Cape Town, South Africa — MININGREVIEW.COM — 26 May 2009 – South Africa’s diamond production will continue declining up to at least 2011 amid signs that the global economic recovery will be protracted with no sharp rebounds expected in the demand for commodities in the near to medium term.
Taking this stand in a statement issued here, growth partnership company Frost & Sullivan forecast that the country’s diamond production would decline from the 15.8 million carats produced in 2008 to levels around 12 million carats in 2011.
“Although the global demand for all commodities has slumped significantly since the onset of the global economic slowdown, it is perhaps the diamond mining sector in Southern Africa that has been hardest hit,” said Frost & Sullivan metals & mining analyst Wonder Nyanjowa. “The decline in the global demand for diamonds has been unprecedented, resulting in most diamond mines curtailing production, reducing costs or closing altogether.”

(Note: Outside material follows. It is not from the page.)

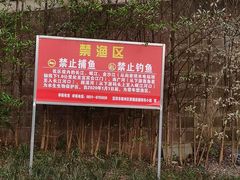 -中国宜宾·长江地标广场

He added that the global luxury goods market was highly vulnerable to global economic cycles and changes to household wealth in certain countries or regions of the world. The United States market – which accounted for approximately 50% of the global demand for diamonds – remained subdued without any major signs of a rebound in diamond jewellery sales in the first quarter of 2009, according to Nyanjova.
“With declining disposable incomes, consumers in key diamond markets such the United States, China and India have reduced expenditure on luxury goods,” he explained. “Liquidity constraints have also forced jewellery manufacturers to buy fewer rough diamonds.”
The Royal Bank of Canada Capital Markets maintains that DeBeers’ rough diamond sales of only US$250 million (R2.25 billion) between January and February 2009 is the worst performance by the company in 25 years.
“DeBeers – which is the world’s largest diamond producer – has officially announced a 40% diamond production cut from all its operations in South Africa, Botswana, Namibia and Canada,” Nyanjowa notes. “This has been done to secure the future of the company, as well as to position itself for a rebound in the global demand for diamonds in future.”